Heterogeneity Among Estimates Of The Core Genome And Pan-Genome In Different Pneumococcal Populations
van Tonder A., Bray J., Jolley K., Quirk S., Haraldsson G., Maiden M., Bentley S., Haraldsson A., Erlendsdottir H., Kristinsson K., Brueggemann A.
Background: Understanding the structure of a bacterial population is essential in order to understand bacterial evolution, or which genetic lineages cause disease, or the consequences of perturbations to the bacterial population. Estimating the core genome, the genes common to all or nearly all strains of a species, is an essential component of such analyses. The size and composition of the core genome varies by dataset, but our hypothesis was that variation between different collections of the same bacterial species should be minimal. To test this, the genome sequences of 3,121 pneumococci recovered from healthy individuals in Reykjavik (Iceland), Southampton (United Kingdom), Boston (USA) and Maela (Thailand) were analysed.
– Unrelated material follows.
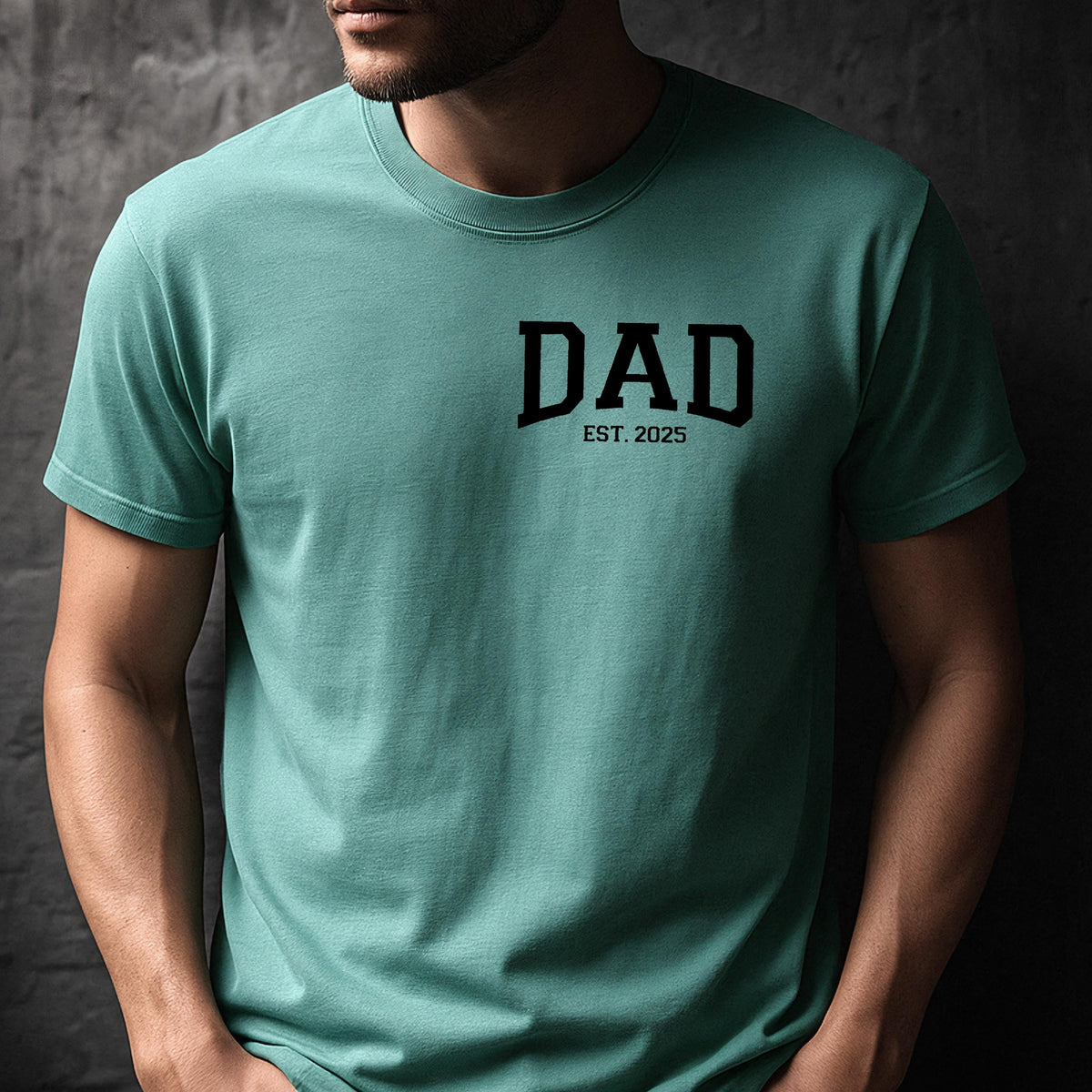 May include: A teal blue t-shirt with the word "DAD" in black block letters and the text "EST. 2025" underneath.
Results: The analyses revealed a supercore genome (genes shared by all 3,121 pneumococci) of only 303 genes, although 461 additional core genes were shared by pneumococci from Reykjavik, Southampton and Boston. Overall, the size and composition of the core genomes and pan-genomes among pneumococci recovered in Reykjavik, Southampton and Boston were very similar, but pneumococci from Maela were distinctly different. Inspection of the pan-genome of Maela pneumococci revealed several >25 Kb sequence regions that were homologous to genomic regions found in other bacterial species. Conclusions: Some subsets of the global pneumococcal population are highly heterogeneous and thus our hypothesis was rejected. This is an essential point of consideration before generalising the findings from a single dataset to the wider pneumococcal population.